**TASK OBJECTIVE**
Would you transcribe the listing that follows word for word, skipping pictures?

**DATA EXTRACT**
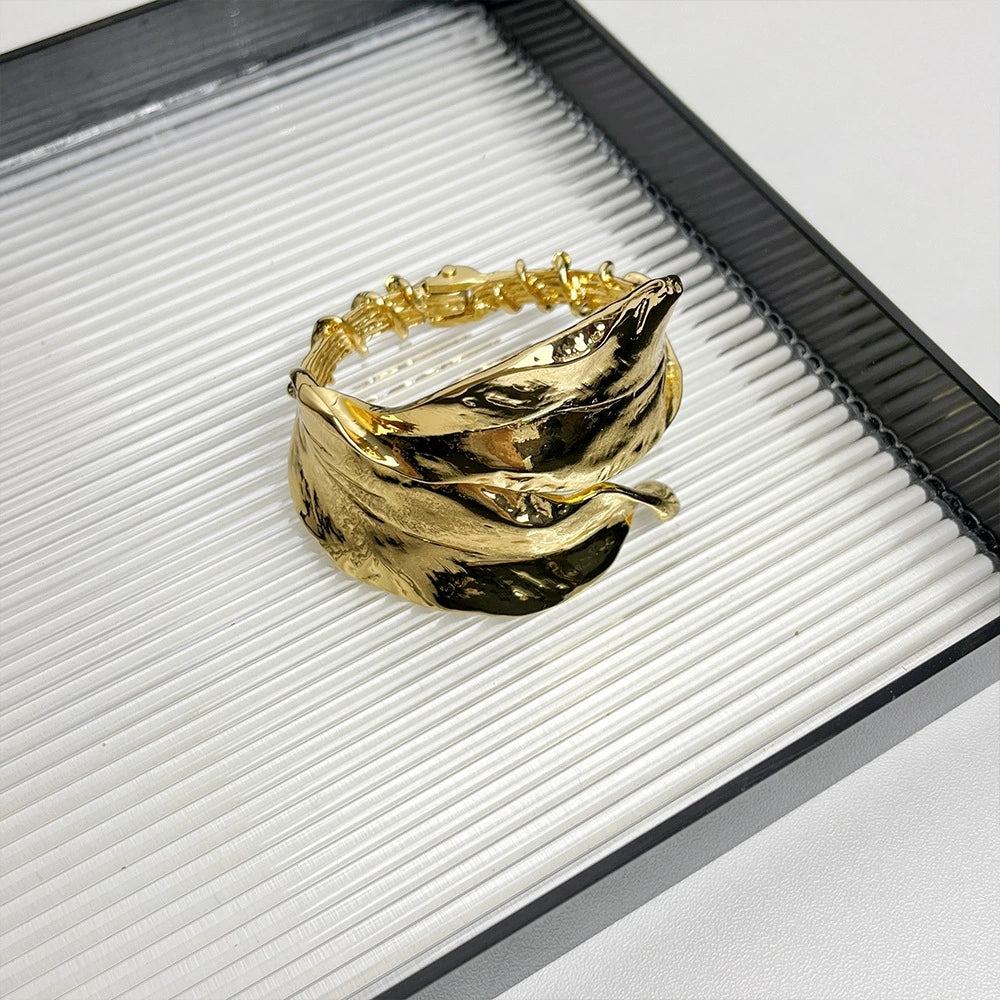Alaynah Statement Leaf Bracelet - Gold Bracelet [D802QK8Z]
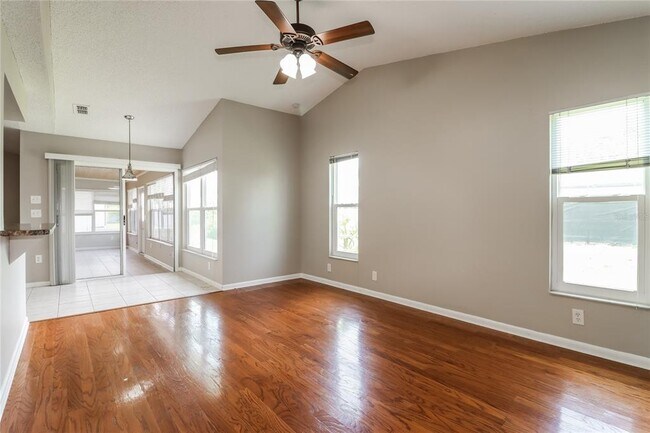 Building Photo - 8444 Yearling Ln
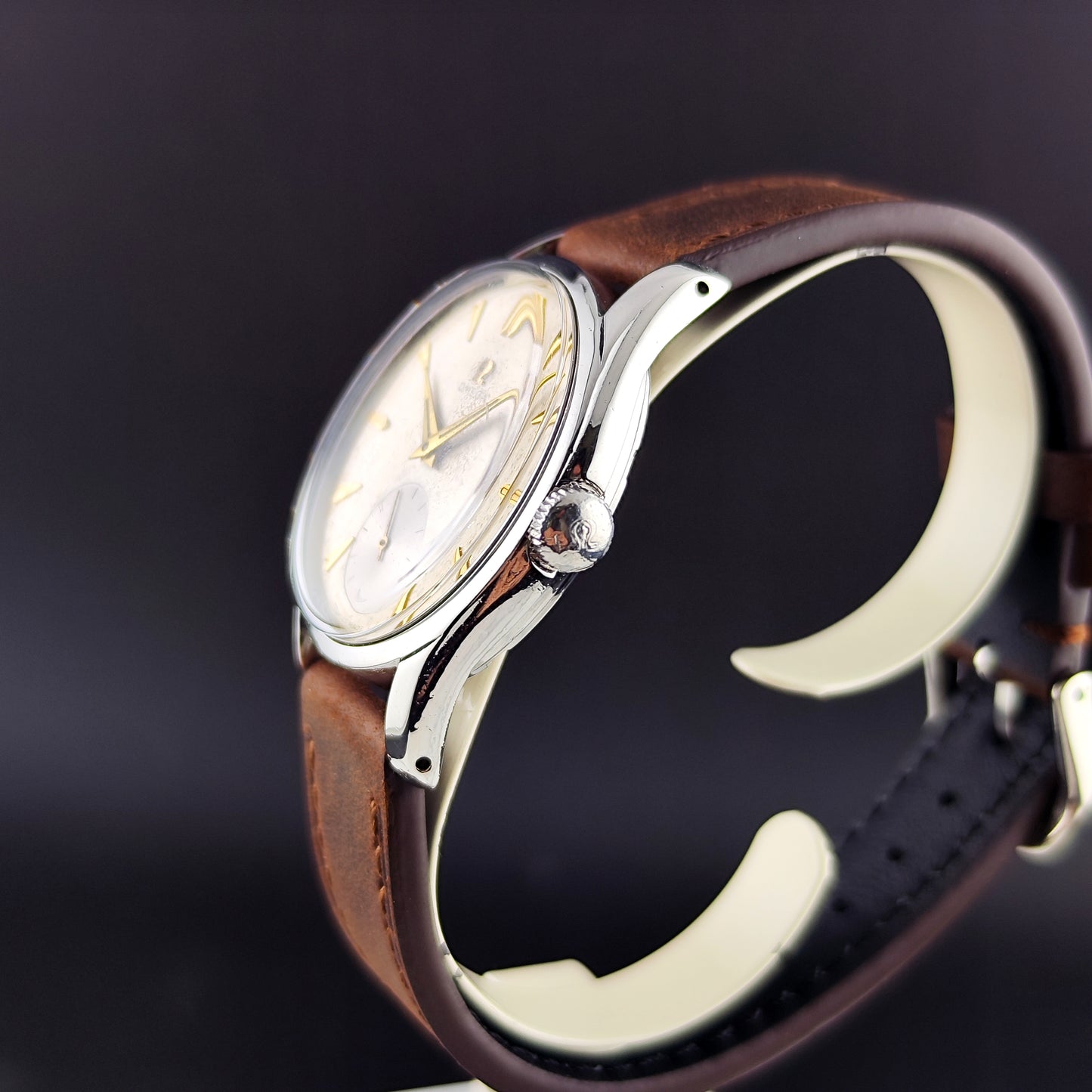 OMEGA Classic White Dial Gold 1952 [REF. 1639]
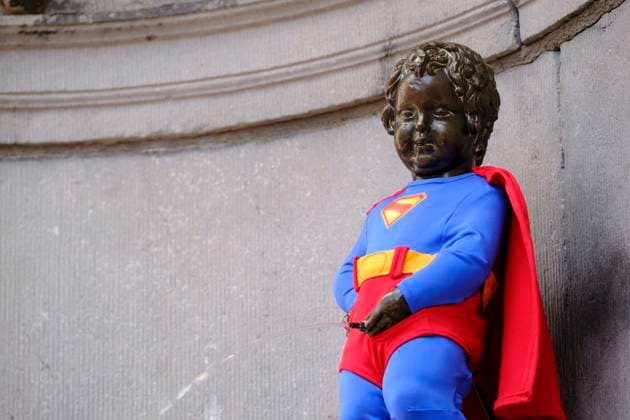 News Themen der Woche KW28 Manneken Pis Dressed as Superman for Film Release - Brussels The Manneken Pis wearing a Superman costume, to coincide with the release of James Gunn s eponymous blockbuster is seen on July 9, 2025 in Brussels, Belgium. - Photo by Monasse T ANDBZ ABACAPRESS.COM Brussels Brussels-Capital Belgium  Copyright: xMonassexThierry ANDBZ ABACAx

**WRITTEN REPLY**
Alaynah Statement Leaf Bracelet - Gold Bracelet [D802QK8Z]
 Building Photo - 8444 Yearling Ln
 OMEGA Classic White Dial Gold 1952 [REF. 1639]
 News Themen der Woche KW28 Manneken Pis Dressed as Superman for Film Release - Brussels The Manneken Pis wearing a Superman costume, to coincide with the release of James Gunn s eponymous blockbuster is seen on July 9, 2025 in Brussels, Belgium. - Photo by Monasse T ANDBZ ABACAPRESS.COM Brussels Brussels-Capital Belgium  Copyright: xMonassexThierry ANDBZ ABACAx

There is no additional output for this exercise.